After three failed attempts and a delay of more than 18 months, the world’s costliest scientific experiment began today on a successful footing to reveal the secrets of the origins of the universe — at the European Nuclear Research Organization (CERN) near the Switzerland-France border in Geneva.
The Large Hadron Collider (LHC), or atoms smasher, started producing results from a large-scale collision of protons, in a long journey to unlock the origin of the universe, especially the early “super symmetrical particles” that led to the creation of the building blocks in the universe, scientists and engineers said.

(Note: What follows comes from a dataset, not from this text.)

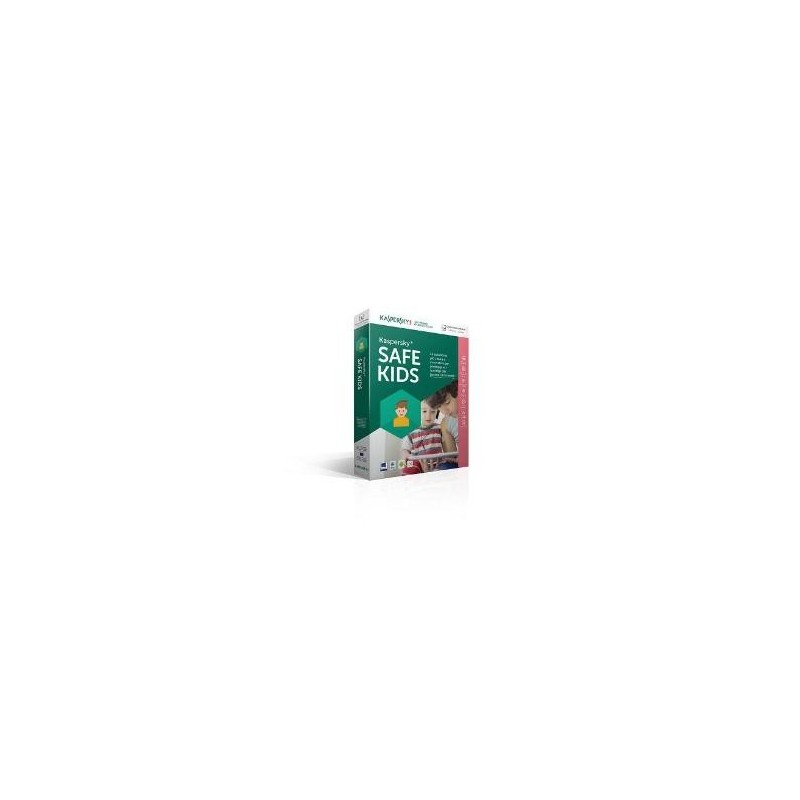 Kaspersky Lab Safe kids Multilingual Base license 1 license(s) 1 year(s)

The $10-billion experiment involved successful steering of a beam of protons almost at a speed of light around a 27-km tunnel that houses CERN’s largest collider. Amid scene of joy among the world’s leading particle physicists and nuclear scientists, LHC will attempt to accelerate the collisions of protons to 7 TeV (3.5 TeV per beam) — seven trillion electron volts — and then smash them together to reveal particles and forces which led to the formation of matter during the first trillionth of a second of time.
The underlying idea is to create the moment when the universe began forming as a result of collision of protons, particularly the strange particle known as the Higgs as well as the “dark matter” that has enveloped the cosmos. “It opens a new window of discovery and it brings with patience, new knowledge of the universe and the microcosm,” said Rolf Heuer, CERN’s director general from Japan. “It shows what one can do in bringing forward knowledge,” he said, suggesting that it was an experiment worth carrying out.
“We are all proud and so happy,” said Fabio Gianotti, a spokesperson for CERN.
Indian particle physicists and engineers played a significant role in the LHC project, especially in providing 1,706 assemblies of cryomagnets, essential for acceleration functions in LHC.